Jackson County drug court makes case for proposed statewide expansion

KANSAS CITY, Mo. -- Missouri Governor Mike Parson wants to call a special legislative session, and one of the things he wants to tackle is expanding the drug court treatment program.

Jackson County has one of the longest running drug courts in the nation and it’s helping make a case for why such programs should be expanded.

More than 1,200 people are graduates of Jackson County’s drug treatment court, which has been running for 25 years and will host its 150th graduation this year.  The vast majority of participants stay clean and out of trouble, in turn helping save communities, families, and tax dollars.

Tara is a proud mom of three, including 6-week-old baby Vincent.  But her life hasn't always been so picture perfect. After having a stillborn baby, she sunk into a deep depression and drug use.

“It took over my life. Went from having nice house, owning my own car, having full custody of my kids, to losing it all,” said Tara.

Losing custody of her daughter was the wake-up call she needed to change.

“Marijuana and methamphetamine led me to where I was, but thank God for drug court because I would not have ended up where I am today. I am over a year sober,” Tara said.

Tara's already completed Missouri drug court and in less than two weeks graduates from municipal drug court. She says the program completely changed her life for the better and gave her the skills to succeed.

“I’m now back to where I’m financially stable. I’ve became a way better mom thanks to my people there, and I used to think they were my enemies. And they became the biggest supporters,” she said.

David Fry calls leading Jackson County's drug court program the best job in the world. Prosecutors pick cases referred to drug court and those picked choose if they want to go through the program.

“We don't support the problem.  We start addressing it,” said Fry, Jackson County Drug Court commissioner.

Participants like Tara complete a full year program. They've got to stay clean at least 180 days straight, complete community service, pay court fees, and get a job.

In Jackson County, when they graduate, the drug offense is wiped off their record. Fry is thrilled Gov. Parson wants the legislature to consider expanding drug courts statewide.

“If you’re going to restore someone and enter them back into the community, this is the best program that you’ve got,” Fry said.
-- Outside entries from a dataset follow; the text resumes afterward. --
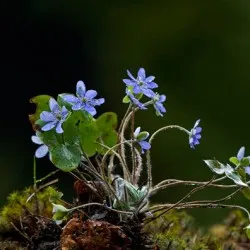 plantare Hepatica și de îngrijire, fotografie, se amestecă în design peisagistic, propagarea și cultivarea soiurilor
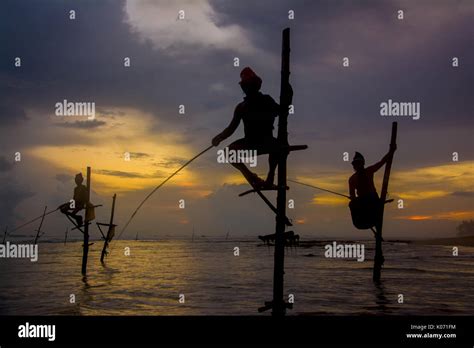 Las Siluetas De Los Pescadores Tradicionales De Sri Lanka En Zancos Al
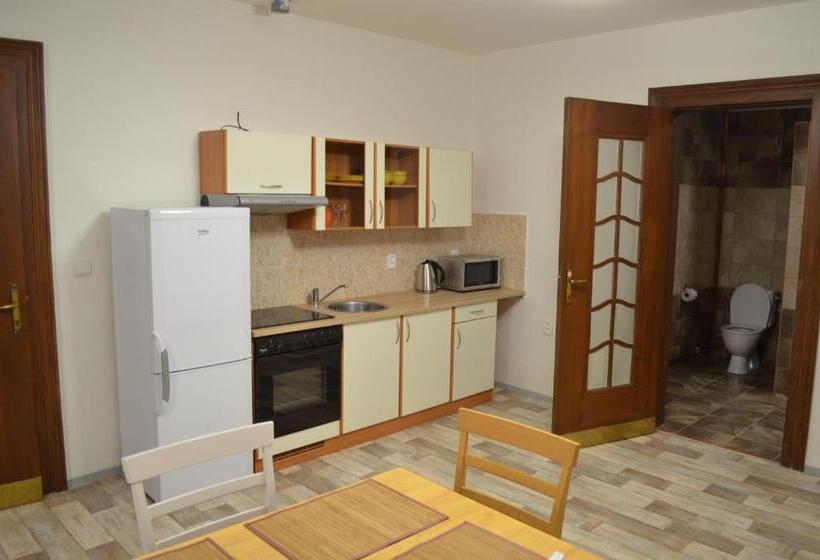 חדר דלוקס לארבעה, Penzion Jungmannova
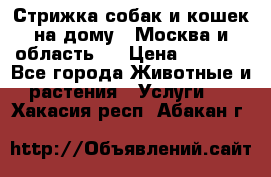 Стрижка собак и кошек на дому.  Москва и область.  › Цена ­ 1 200 - Все города Животные и растения » Услуги   . Хакасия респ.,Абакан г.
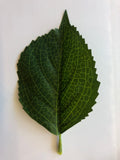 ACC0079 Single Leaf for DIY Buttonhole / Craft Project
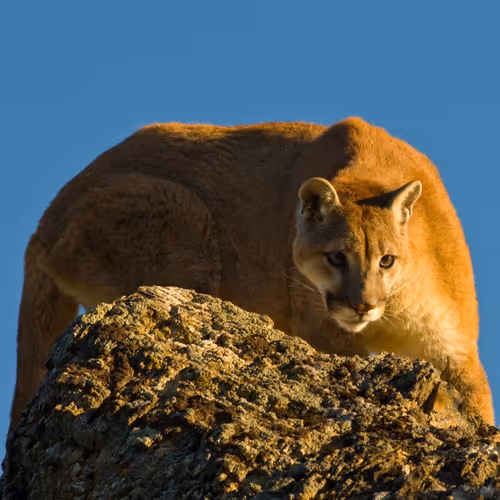 Cougar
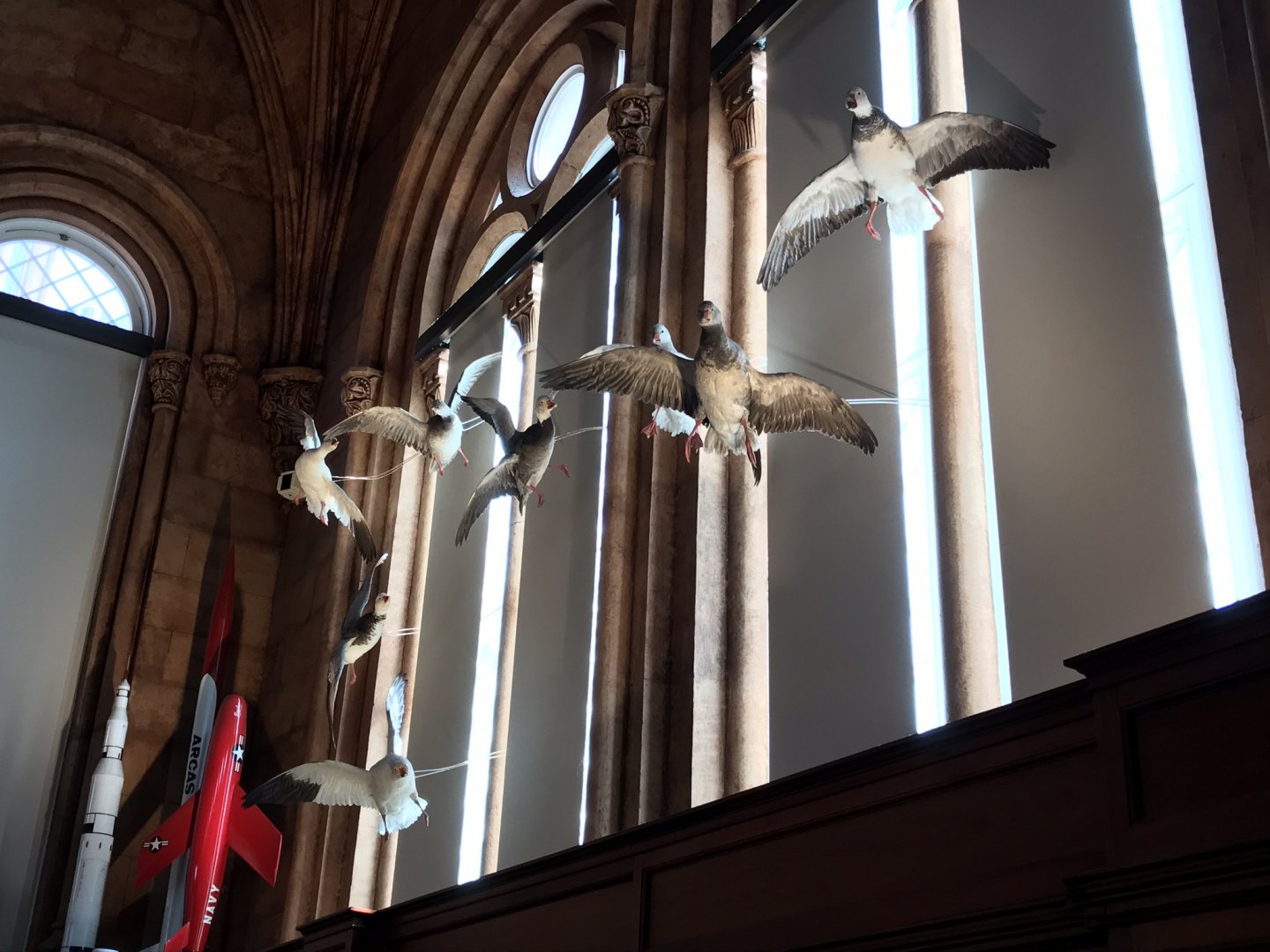 Smithsonian castle: Snow geese (white and blue morphs)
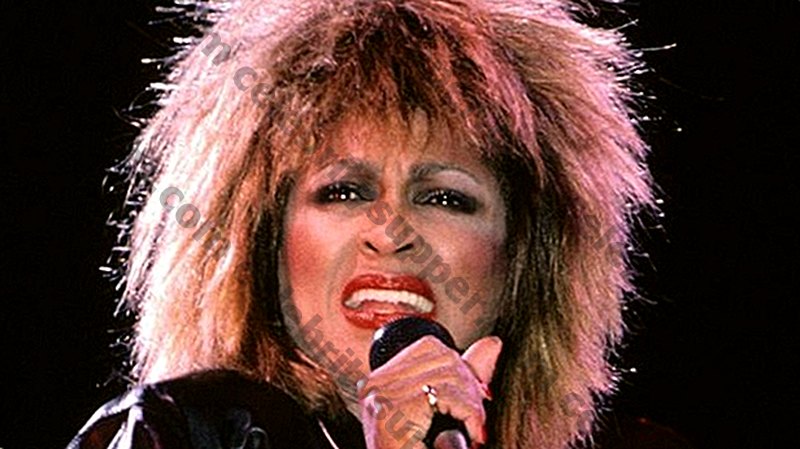 Tina Turner Networth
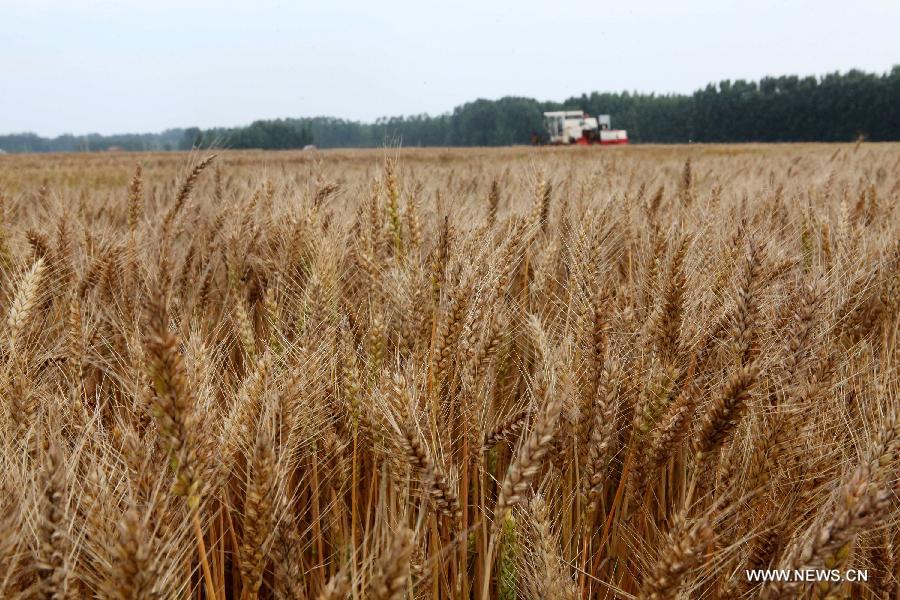 A reaper harvests wheat in Liugou village, Ganyu county, East China's Jiangsu province, June 12, 2013. According to the Ministry of Agriculture, China has harvested 210 million mu (about 14 million hectares) of winter wheat, which accounts for more than 60 percent of the total. [Photo/Xinhua]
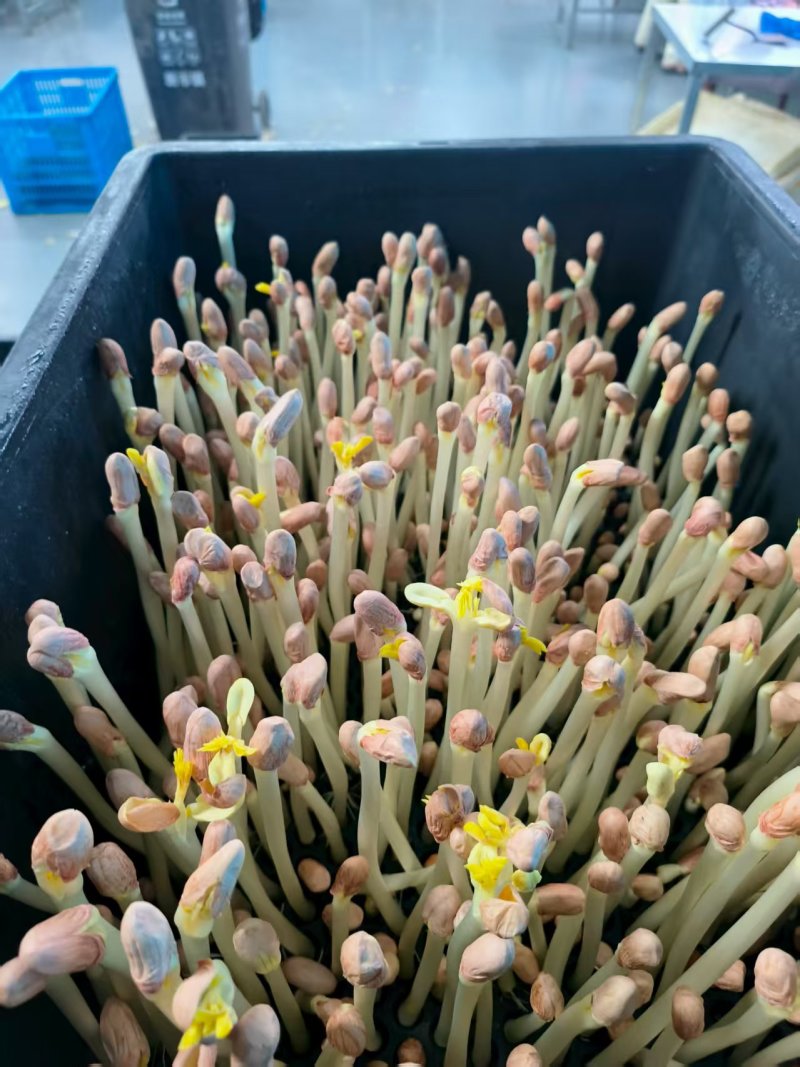 花生芽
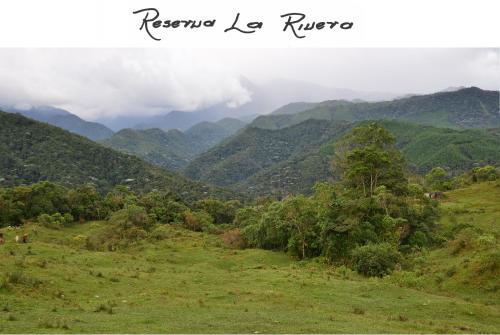 a view of a valley with mountains in the background at Reserva La Rivera in Salento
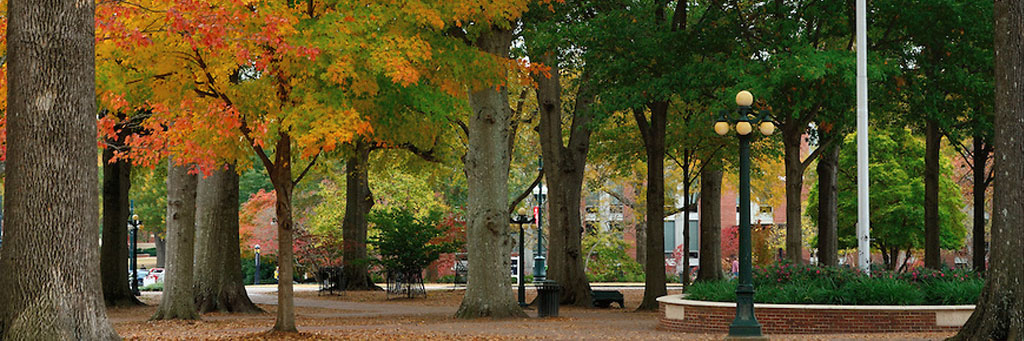 a scene of the grove with the leaves turning colors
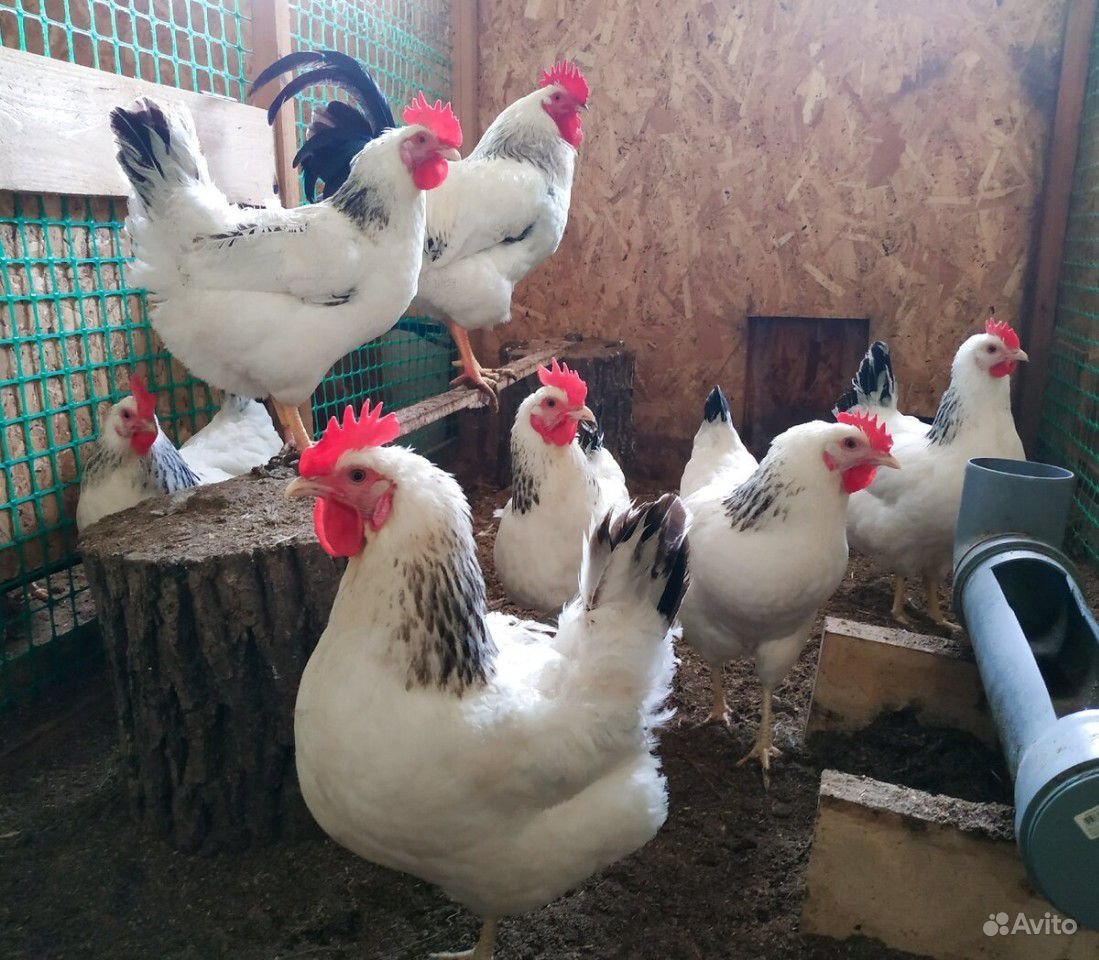 Куры несушки Адлерская серебристая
Jackson County's drug court boasts over a 95 percent success rate, meaning people who finish, don't commit another crime for five years. That’s higher than the national average of about 70 percent success rate through drug courts. And at $2,500 a person, it's lots cheaper than $25,000 to send them to prison for a year, where an average of 70 percent of people end up back in the criminal justice system within five years.

As for Tara, she’s working, raising her three children, and is enrolled to begin cosmetology school in October.